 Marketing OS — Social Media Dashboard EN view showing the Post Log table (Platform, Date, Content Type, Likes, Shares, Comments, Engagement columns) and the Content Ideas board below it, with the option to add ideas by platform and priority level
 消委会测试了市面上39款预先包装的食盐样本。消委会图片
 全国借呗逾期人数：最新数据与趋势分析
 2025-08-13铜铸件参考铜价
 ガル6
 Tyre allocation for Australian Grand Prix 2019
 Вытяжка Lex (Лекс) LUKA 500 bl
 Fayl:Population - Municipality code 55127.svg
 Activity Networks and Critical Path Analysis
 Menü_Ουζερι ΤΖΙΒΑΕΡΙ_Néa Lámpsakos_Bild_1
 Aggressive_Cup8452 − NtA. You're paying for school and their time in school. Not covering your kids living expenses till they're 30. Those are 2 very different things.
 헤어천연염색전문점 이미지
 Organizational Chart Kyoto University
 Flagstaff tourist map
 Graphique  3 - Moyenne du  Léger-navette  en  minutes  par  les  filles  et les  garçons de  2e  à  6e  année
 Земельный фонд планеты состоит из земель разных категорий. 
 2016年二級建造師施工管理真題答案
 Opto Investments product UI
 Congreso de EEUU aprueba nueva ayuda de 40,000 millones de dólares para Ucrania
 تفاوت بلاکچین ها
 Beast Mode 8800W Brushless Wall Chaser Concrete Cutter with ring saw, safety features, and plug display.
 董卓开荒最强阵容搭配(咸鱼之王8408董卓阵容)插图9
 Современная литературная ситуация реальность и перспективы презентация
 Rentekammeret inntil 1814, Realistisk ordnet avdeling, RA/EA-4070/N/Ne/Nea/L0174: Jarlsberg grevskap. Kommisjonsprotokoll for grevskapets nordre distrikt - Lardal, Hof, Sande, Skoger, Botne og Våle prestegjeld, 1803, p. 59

▶ _Problem statement_
Could you retype exactly the lines above, starting at the line that contains "Tyre allocation for" and ending at the line that contains "Современная литературная ситуация", and nothing more?

▶ _Task answer_
 Tyre allocation for Australian Grand Prix 2019
 Вытяжка Lex (Лекс) LUKA 500 bl
 Fayl:Population - Municipality code 55127.svg
 Activity Networks and Critical Path Analysis
 Menü_Ουζερι ΤΖΙΒΑΕΡΙ_Néa Lámpsakos_Bild_1
 Aggressive_Cup8452 − NtA. You're paying for school and their time in school. Not covering your kids living expenses till they're 30. Those are 2 very different things.
 헤어천연염색전문점 이미지
 Organizational Chart Kyoto University
 Flagstaff tourist map
 Graphique  3 - Moyenne du  Léger-navette  en  minutes  par  les  filles  et les  garçons de  2e  à  6e  année
 Земельный фонд планеты состоит из земель разных категорий. 
 2016年二級建造師施工管理真題答案
 Opto Investments product UI
 Congreso de EEUU aprueba nueva ayuda de 40,000 millones de dólares para Ucrania
 تفاوت بلاکچین ها
 Beast Mode 8800W Brushless Wall Chaser Concrete Cutter with ring saw, safety features, and plug display.
 董卓开荒最强阵容搭配(咸鱼之王8408董卓阵容)插图9
 Современная литературная ситуация реальность и перспективы презентация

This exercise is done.